I have been reading William Shaw Mason’s Parochial Survey, and it was the Rev John Jones, the author of the account on the parish of Lea, who is to blame for my recent Sunday cycle.
In a comprehensive account of the parish, the Rev Jones makes reference to five high roads in the parish, which he describes in some detail. The first of these, he tells us, is “the Limerick road, which leads from Monasterevin through Ballybrittas, by Emo to Maryboro”. Apart from its passage through Emo, this road seems to follow the line of the recently bypassed Dublin Road.
But it was his description of the second high road that set my mind racing. He tells us that the road runs “ from Monasterevin, by Old Lea, straight to Portarlington, and so to Mountmellick”. But he drops in an aside that: “it is on this road that the Birr coach travels”.
I first thought that this was the present-day Monasterevin- Portarlington road, but the reference to its passage through Old Lea, and William Beauford’s map of the parish, (which accompanies the survey), changed my mind.
Once you have crossed the Barrow on what you may regard as the old road to Portarlington, you take the next right. This takes you along an unlikely high road, by today’s standards. Passing through the town lands of Ullard and Old Lea, amongst others, this less travelled route, two centuries later, does boast the odd tuft of grass along the middle of the road, but it most definitely conjures up the clatter of the carriage wheels of yesteryear.

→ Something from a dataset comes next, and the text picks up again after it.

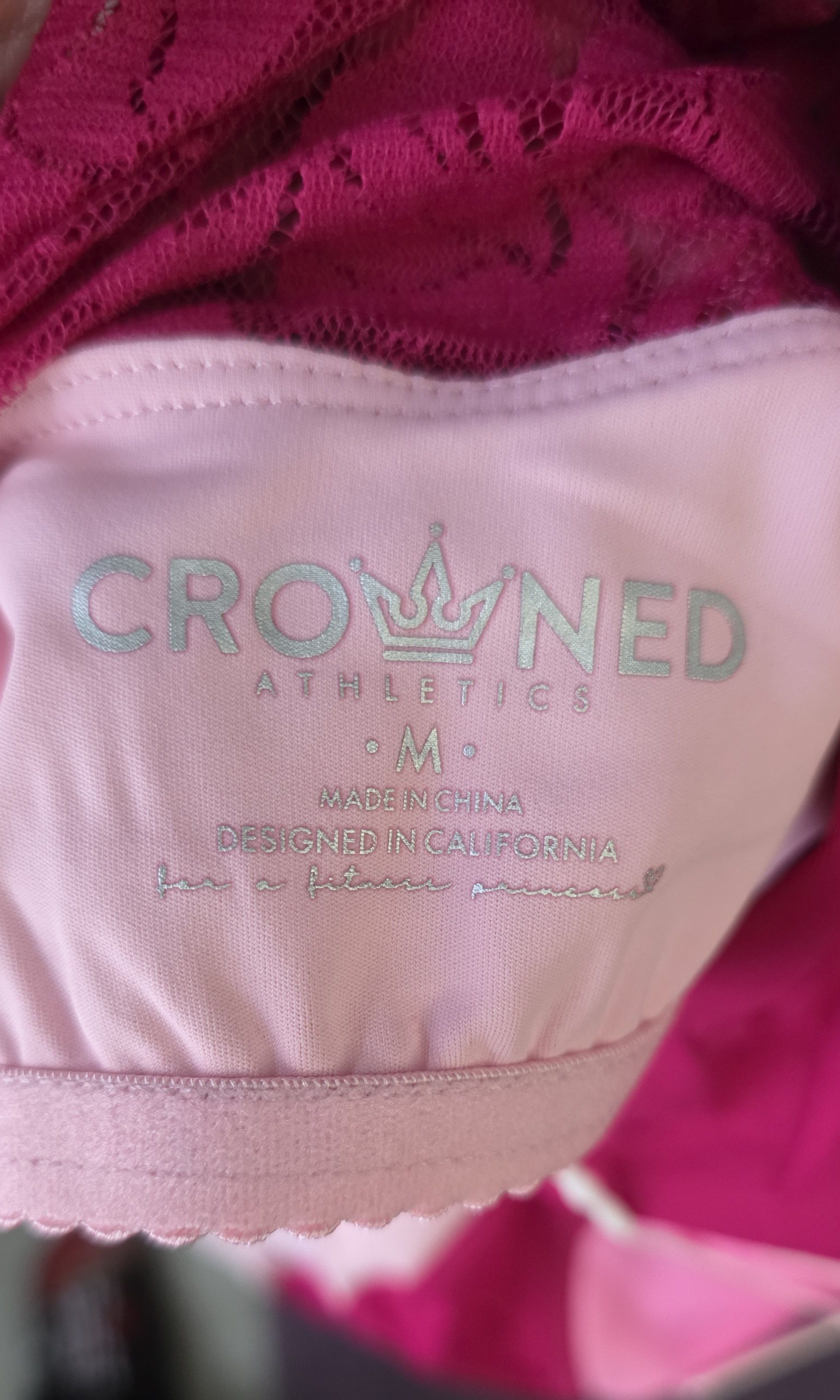 Other NWT Crowned Athletics Enchanted Rose Athletic Top Pink M Size M / US 6-8 / IT 42-44 - 3 Thumbnail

And when you see the majestic ruin of the Castle of Lea, poking its head up over the trees, you are looking at the same sight that told the coach passengers that they were on the final approach to Portarlington, and a welcome stop at Fleming’s Inn.

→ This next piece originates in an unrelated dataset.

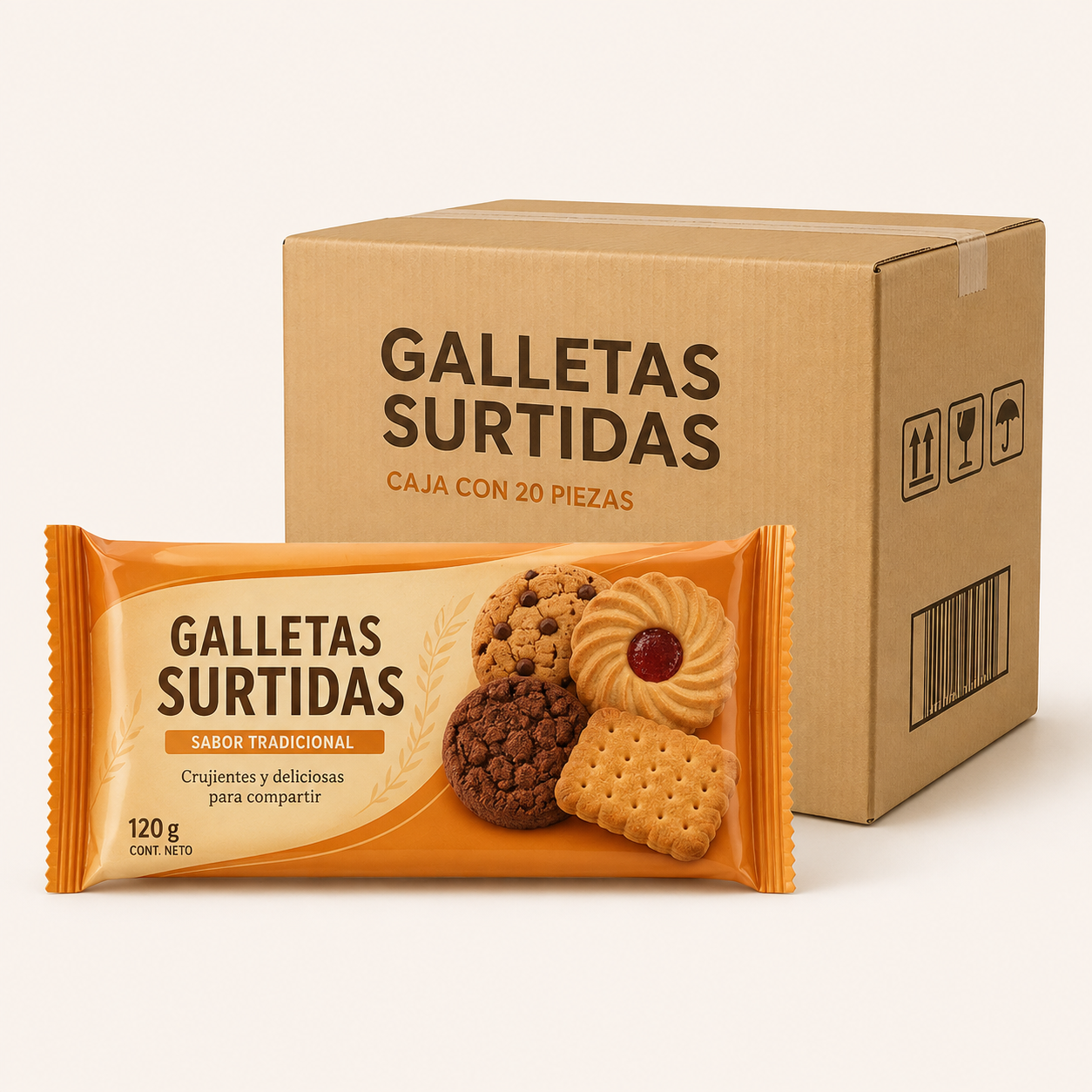 Galletas surtidas 120 g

Interestingly, I wonder if the aspect of the ancient Castle of Lea will change for future travellers along this route. Indeed, will the very route itself see change. I refer, of course, to the Heritage Council-funded Lea Castle Conservation Project which is currently in train.

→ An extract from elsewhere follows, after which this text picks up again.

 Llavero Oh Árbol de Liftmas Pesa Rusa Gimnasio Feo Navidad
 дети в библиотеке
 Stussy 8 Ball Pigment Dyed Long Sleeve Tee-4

The Rev Jones, inadvertently, makes possibly the first reference to ribbon development in the town of Portarlington. As far as I can tell, the final approach to the town would have taken the coach along what we know today to be Bracklone Street. The following account may point to its origins. The Reverend Jones in his description of villages in the parish says: “as to Bracklan, however, it might have been once a village, it has been laterally joined to Portarlington by a continuation of houses, so that it should now be considered as composing part of the suburbs of the town”.
On the matter of longevity in the parish of Lea, we are told that there are ‘eight old men and two women from 80 to 95’. And hot off the press, you might say, the reverend tells us that “four days ago, there was a burial at the French church yard, an old maiden lady of ninety four years, Miss Mary Frazer; and about a year since another parishioner was buried here, Bryan Dunne, at the very advanced age of 111 years”.
While William Shaw Mason’s Parochial Survey may not have reached the heights that John Sinclair achieved with his survey of Scotland, it contains a vast amount of information, and is a treasure trove for any student of local history.
You might drive a coach and four through some of its content, but for the most part, William Shaw Mason’s Parochial Survey was compiled by honest, well- meaning men, at the heart of their communities, who told it as they saw it, 200 years ago this year.